Assigned task
For this task, output every entry below exactly and omit the pictures.

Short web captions
----

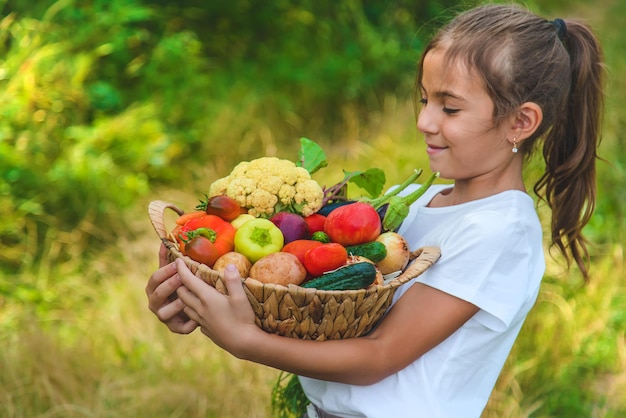 A criança tem vegetais nas mãos. Foco seletivo. Criança.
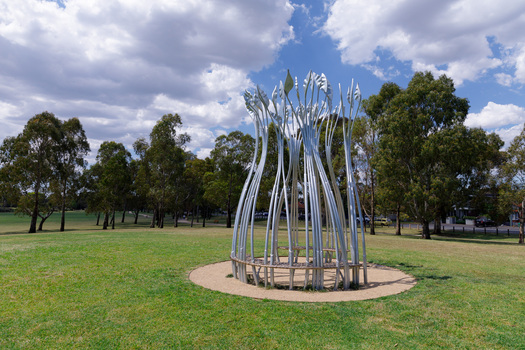 Photograph of a silver sculpture that look like large reeds in a semi-circular shape with a bench sear within. The sculpture is set within a green park.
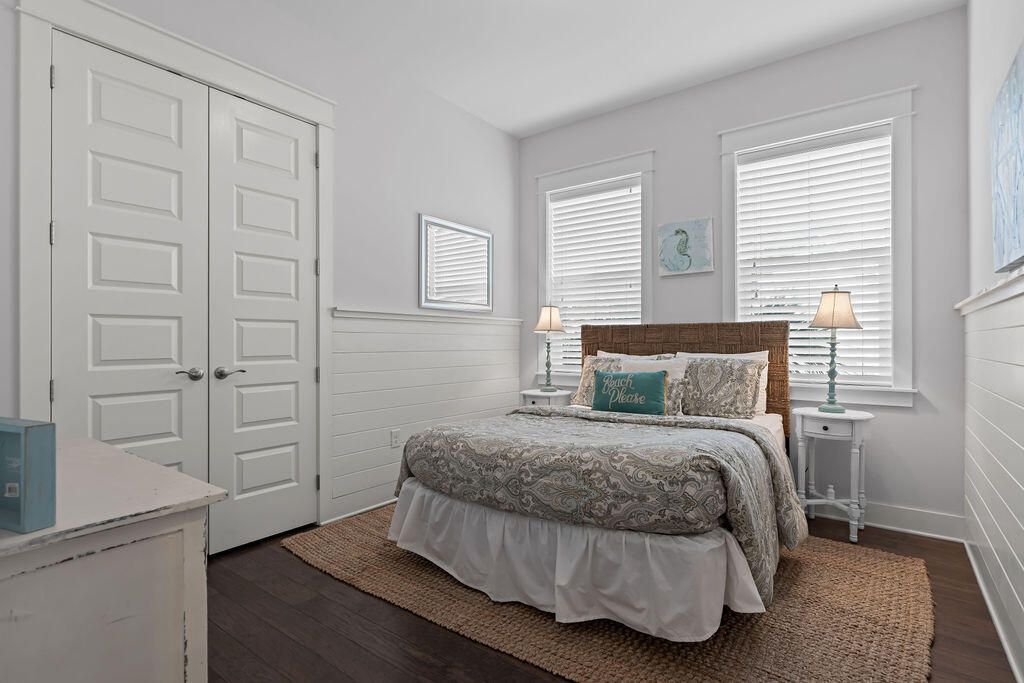 10 York Ln Inlet Beach, Unit B Inlet Beach, FL 32461 - Photo 30 of 46 a bedroom with a bed and cabinet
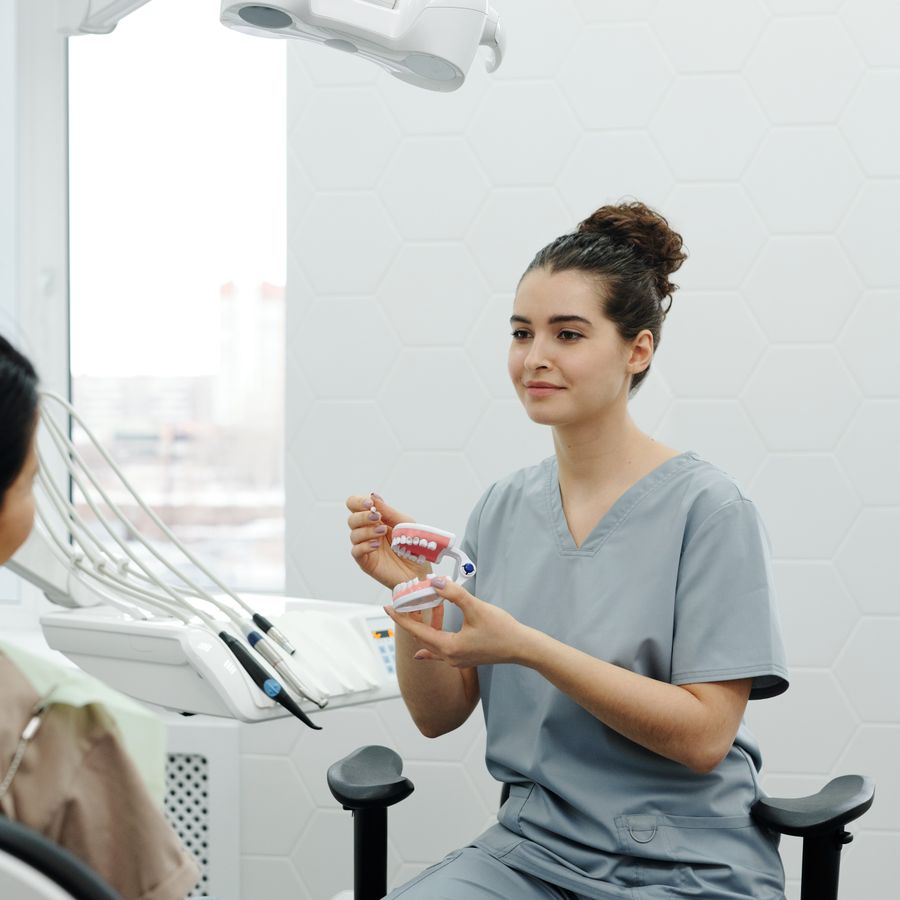 Dentista sentada ao lado da cadeira odontológica explica um modelo de arcada dentária para uma paciente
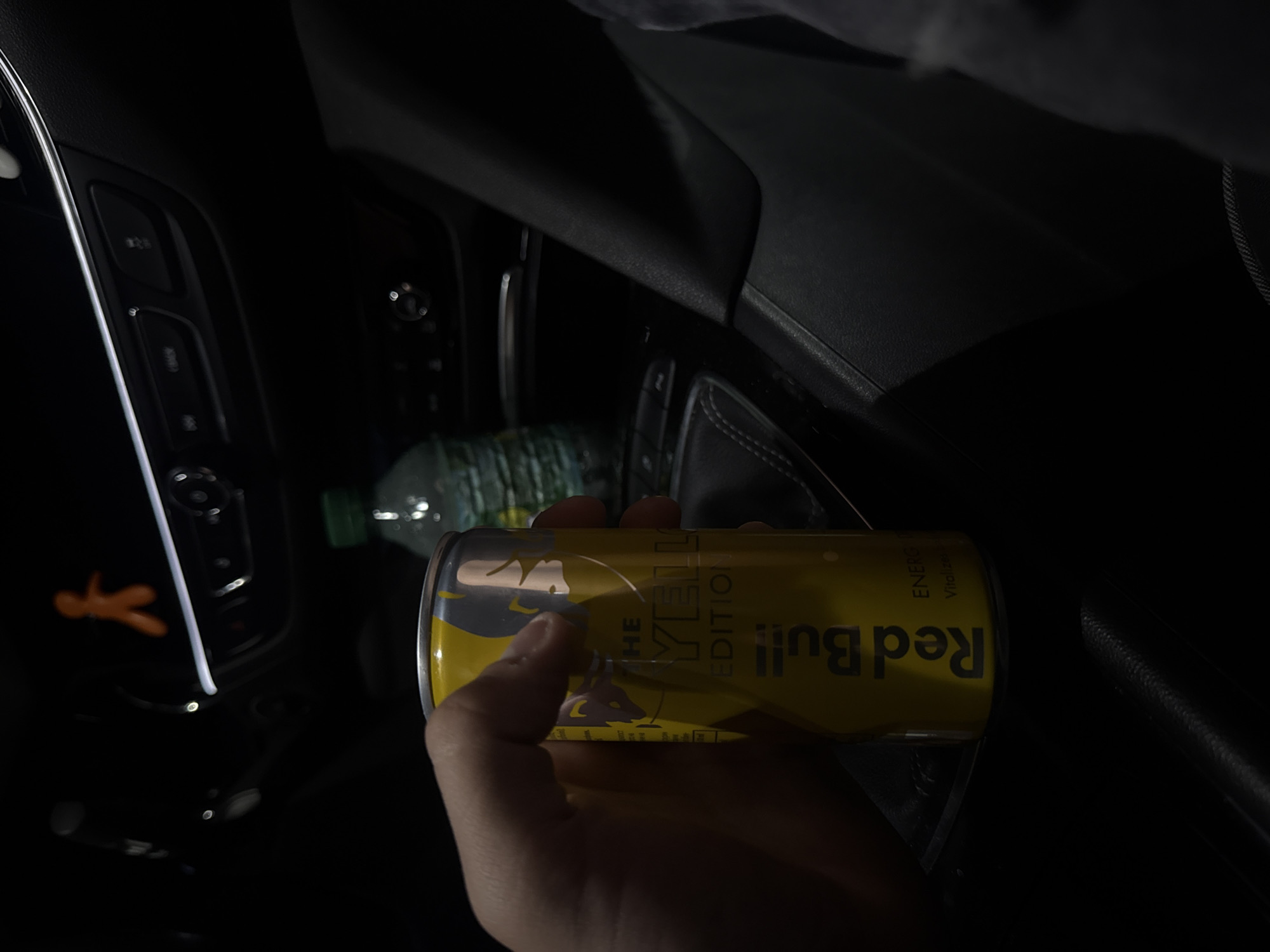 An interior shot depicts a human right hand holding a yellow Red Bull "The Yellow Edition" energy drink can within a vehicle, specified as being in Varna, Bulgaria. The can is primarily yellow with silver accents and text, held firmly by the thumb and fingers. In the background, the dark interior of a car is visible, featuring a dashboard with illuminated controls and a prominent horizontal chrome trim strip. An out-of-focus orange, human-shaped air freshener or decoration is affixed to the upper dashboard. To the right of the Red Bull can, a green-capped plastic water bottle is partially visible and out of focus. The lower right portion of the image shows dark vehicle upholstery and components, possibly part of the center console or passenger seat area. Lighting is dim, indicating low-light conditions, possibly at night. No other individuals are visible.
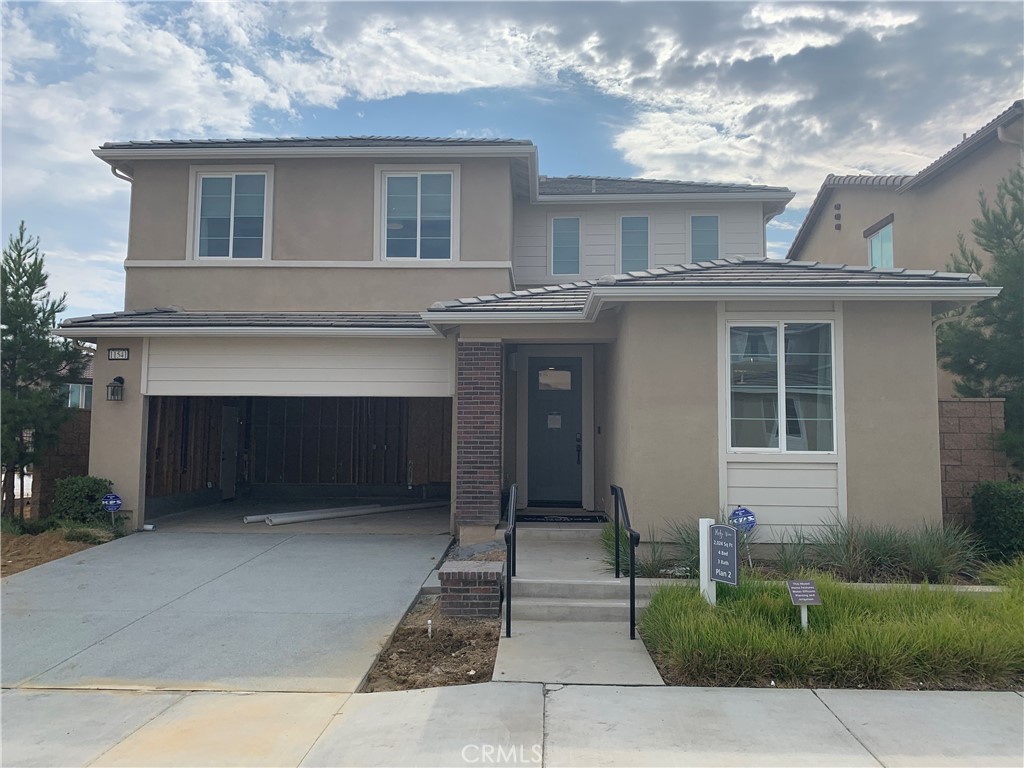 a front view of a house with yard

----

The completed task
 A criança tem vegetais nas mãos. Foco seletivo. Criança.
 Photograph of a silver sculpture that look like large reeds in a semi-circular shape with a bench sear within. The sculpture is set within a green park.
 10 York Ln Inlet Beach, Unit B Inlet Beach, FL 32461 - Photo 30 of 46 a bedroom with a bed and cabinet
 Dentista sentada ao lado da cadeira odontológica explica um modelo de arcada dentária para uma paciente
 An interior shot depicts a human right hand holding a yellow Red Bull "The Yellow Edition" energy drink can within a vehicle, specified as being in Varna, Bulgaria. The can is primarily yellow with silver accents and text, held firmly by the thumb and fingers. In the background, the dark interior of a car is visible, featuring a dashboard with illuminated controls and a prominent horizontal chrome trim strip. An out-of-focus orange, human-shaped air freshener or decoration is affixed to the upper dashboard. To the right of the Red Bull can, a green-capped plastic water bottle is partially visible and out of focus. The lower right portion of the image shows dark vehicle upholstery and components, possibly part of the center console or passenger seat area. Lighting is dim, indicating low-light conditions, possibly at night. No other individuals are visible.
 a front view of a house with yard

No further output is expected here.